I illustrate here in two scenarios the effects of store closures, the development of SSS and cost savings.The result is to be understood as if the effects of the individual aspects occur immediately, which makes sense from my perspective, as they all take place continuously and partly negate each other. I have assumed several conservative aspects in scenario 2.
Scenario 1 assumes 0% SSS growth, the announced 400 store closures and average store sales of 150000 dollars. In the penultimate call, management said that the most recently closed stores had average sales of 131,000. For G&A, I have assumed the lower limit of the guidance and added the 1.2 forecast rental income to the difference with fees and royalties. This results in EBITDA of 32.9 million, which is significantly higher than TTM EBITDA.
Scenario 2 assumes a 1% decline in SSS, 500 store closures and average store sales of 200,000 dollars, which I consider to be very conservative compared to the average sales of all stores of approx. 260,000. I have assumed the upper limit for G&A and thus arrive at an EBITDA of 27.7 million.
I consider this range to be very realistic from the lower end to the midpoint of expectations.
If I apply the corresponding EBITDA to the current valuation and assume various multiples of 6.5 to 10, I get a significant upside from today's perspective.
How realistic is the upside?
I have seen many discussions on various platforms suggesting that the share price is currently far too low. It may surprise some people, but I don't see it that way. Any calculation based on the short-term EBITDA or FCF multiple is only meaningful if the company at least continues to achieve these on a sustainable basis. With a store count that is on its way to 0 purely from a chart perspective and falling SSS, this can be doubted purely on the basis of the information we have de facto, which is anticipated by the market accordingly.
Any calculation of the current multiples therefore only shows how significant the upside is if the management turns the company in the right direction on a sustained basis. If store closures were to fall significantly at some point and SSS were to rise, then the share price would reflect the trend reversal within a very short time, in my opinion. It should be noted that 10 x EBITDA is potentially a rather low multiple for a franchise model.
Regis remains a bet. A bet that store closures and SSS decline are only temporary problems. The odds of this are significantly higher than before the refinancing as the company has been given the financial room to make changes and improvements to the business model.
Conclusion
I remain invested in Regis. The management has acted along a common thread so far, which I can still see now. The potential to transform the Regis brands into successful and competitive franchises is there in my view, but this should not marginalize the current problems.

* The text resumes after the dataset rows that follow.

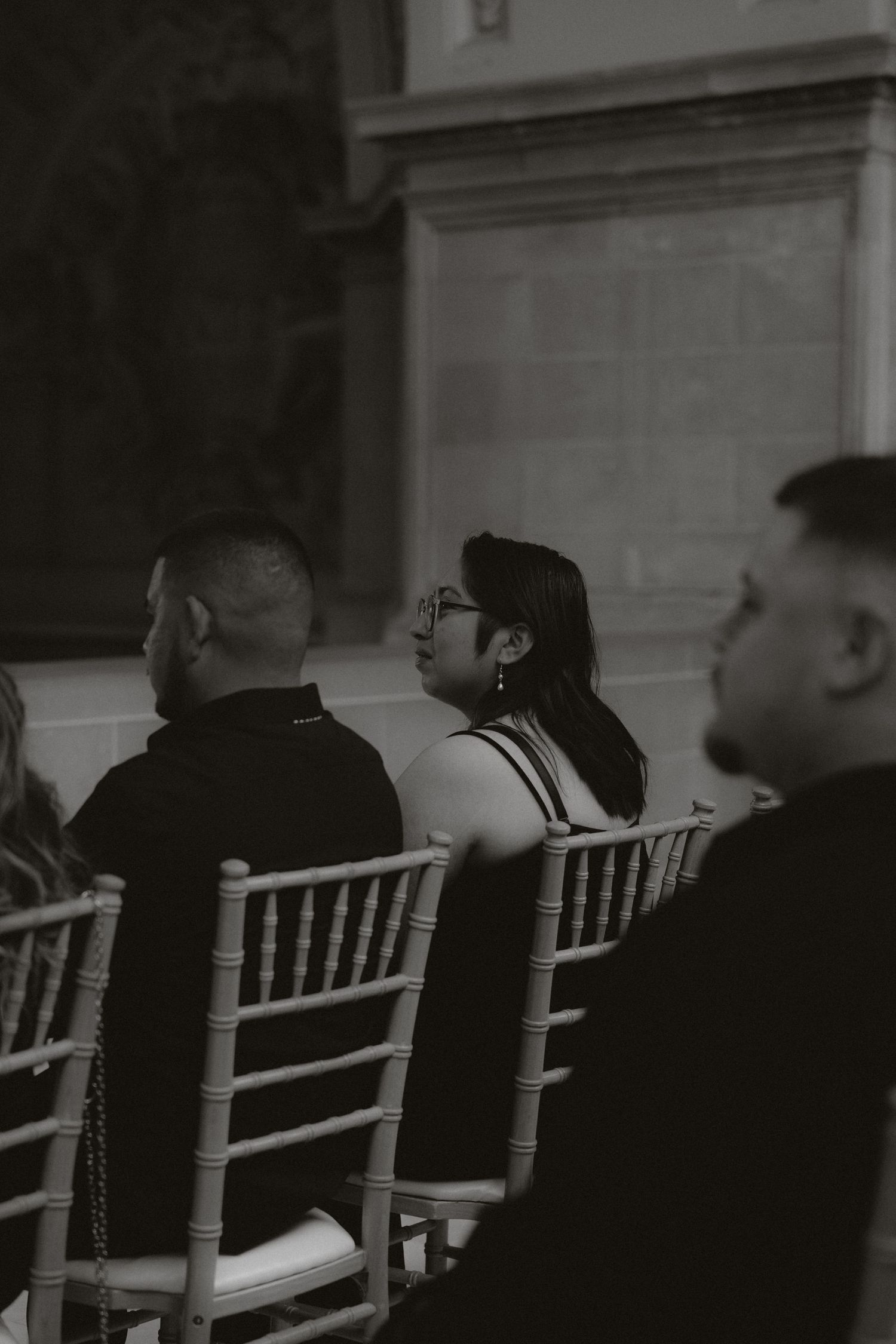 Guests seated in white Chiavari chairs during a formal ceremony.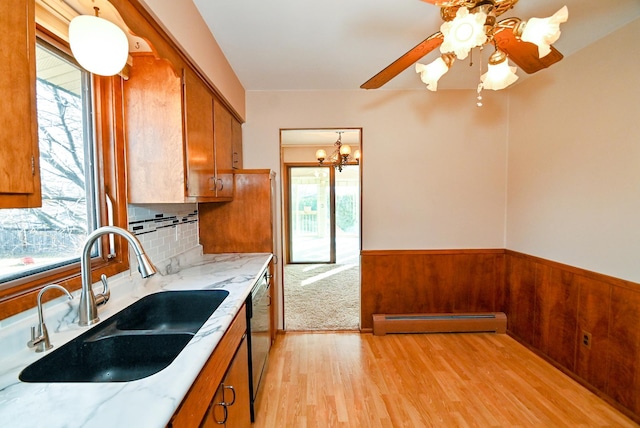 kitchen with brown cabinetry, baseboard heating, wainscoting, and a sink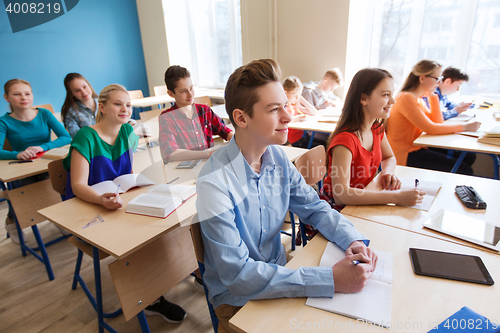 Image of group of students with notebooks at school lesson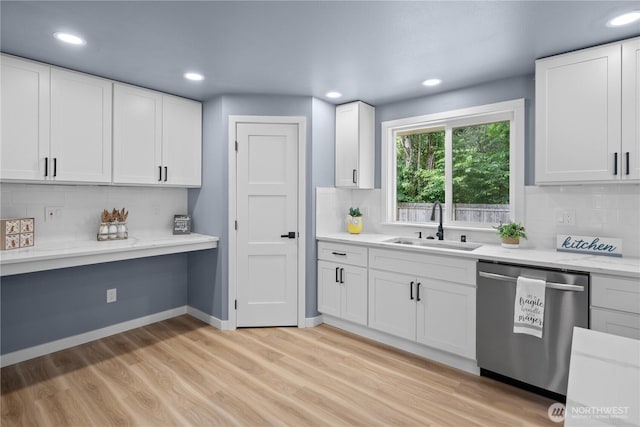 18604 9th Avenue Ct E, Spanaway, WA 98387 - kitchen with stainless steel dishwasher, built in desk, tasteful backsplash, light wood-type flooring, and white cabinetry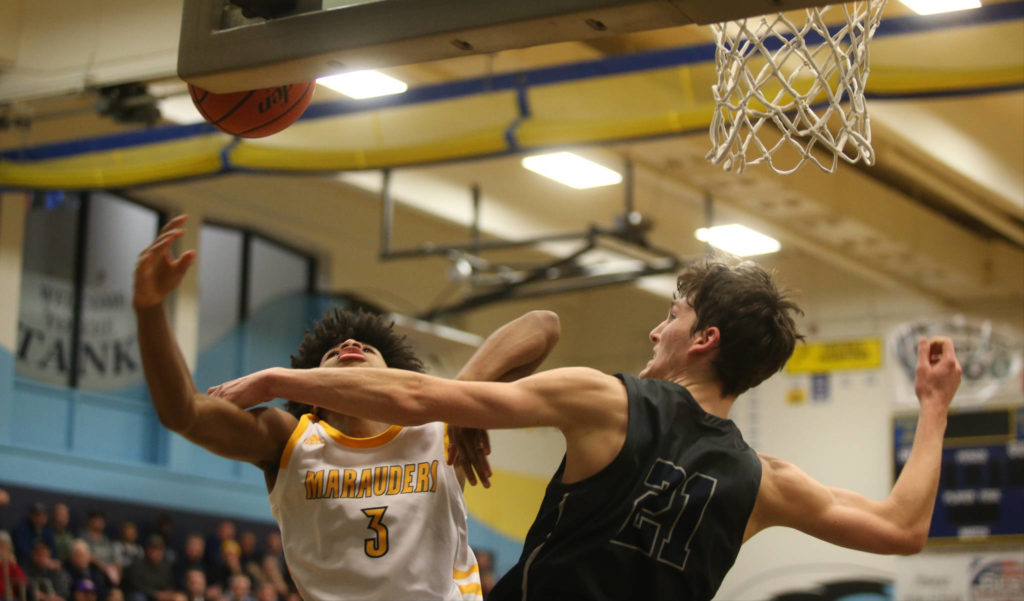 Mariner’s Jailin Johnson is fouled by Glacier Peakճ Pierce Darlington as Mariner lost to Glacier Peak 90-87 in double overtime in a boys’ basketball game on Tuesday, Feb. 11, 2020 in Everett, Wash. (Andy Bronson / The Herald)
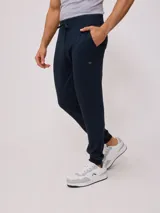 Pantalón deportivo tipo babucha color azul marino, confeccionado en 60% algodón y 40% poliéster, con cintura elástica ajustable con cordón y puños ajustados.
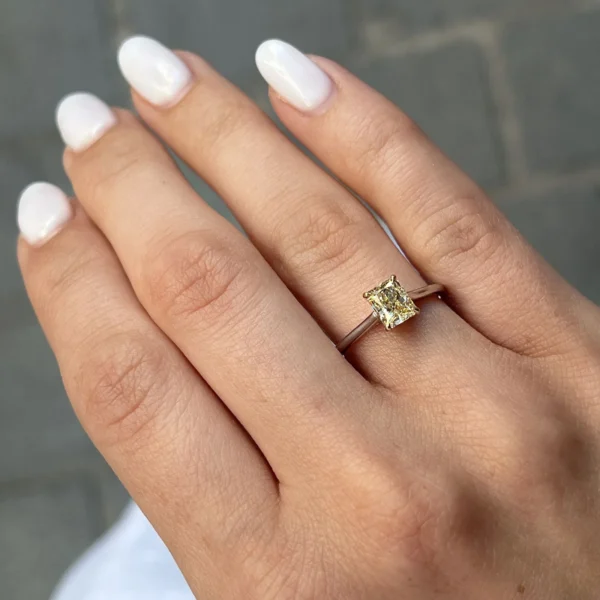 Radiant cut yellow diamond ring worn on the hand in 18k white and yellow gold with a 1.01 ct GIA-certified natural diamond.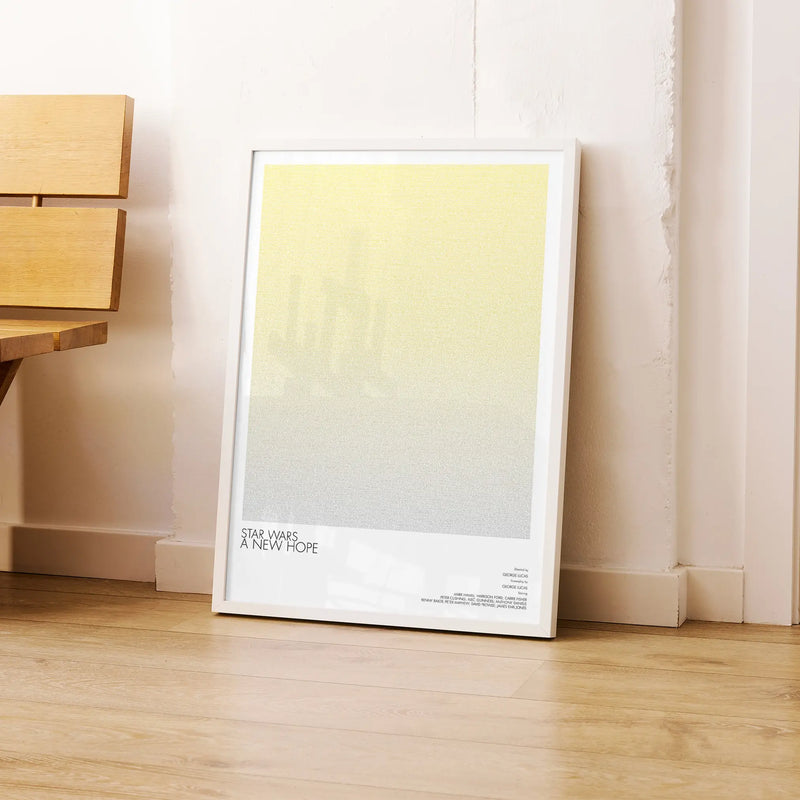 A framed Star Wars: A New Hope movie script poster leaning against a wall in a modern interior.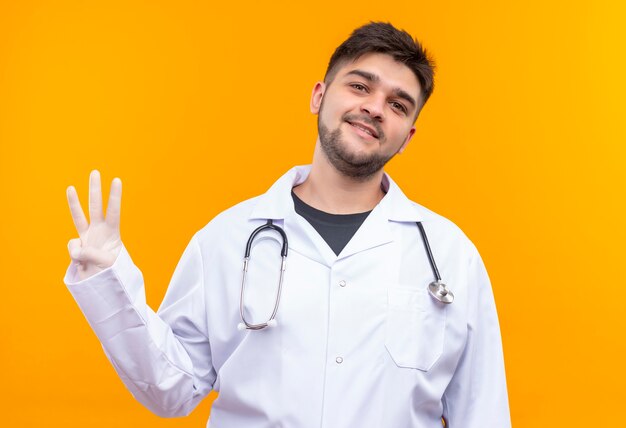 Joven apuesto médico con bata médica blanca guantes médicos blancos y un estetoscopio sonriendo mostrando tres con los dedos de pie sobre la pared naranja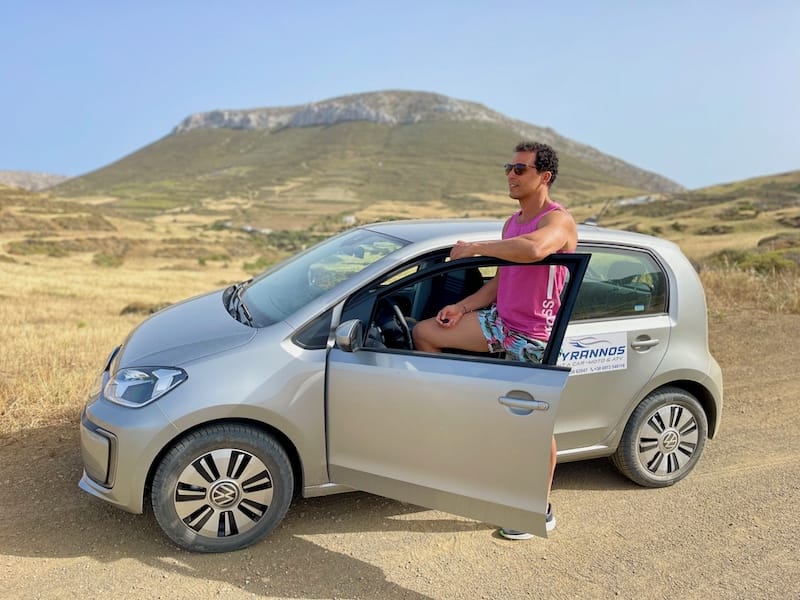 Pericles Rosa posing for a picture with an eletric car and a mountain in the backdrop in Astypalea, Greece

I think you need more staying power with the stock than many would like, which is reflected in the volatility. As many are sitting on high profits and the share price does not reflect what I feel are sometimes irrational assumptions, we will have to get used to it for the time being.
However, I also see some potential for positive surprises until the next figures. For the first time since Matthew Doctor has been CEO, the management can buy shares themselves, as they are no longer in a blackout period. Considering the nice cash injection of half a million that he has just deservedly received from the company, I don't see this as unlikely. Nevertheless, I believe that we need to think in terms of 1-2 years rather than quarters.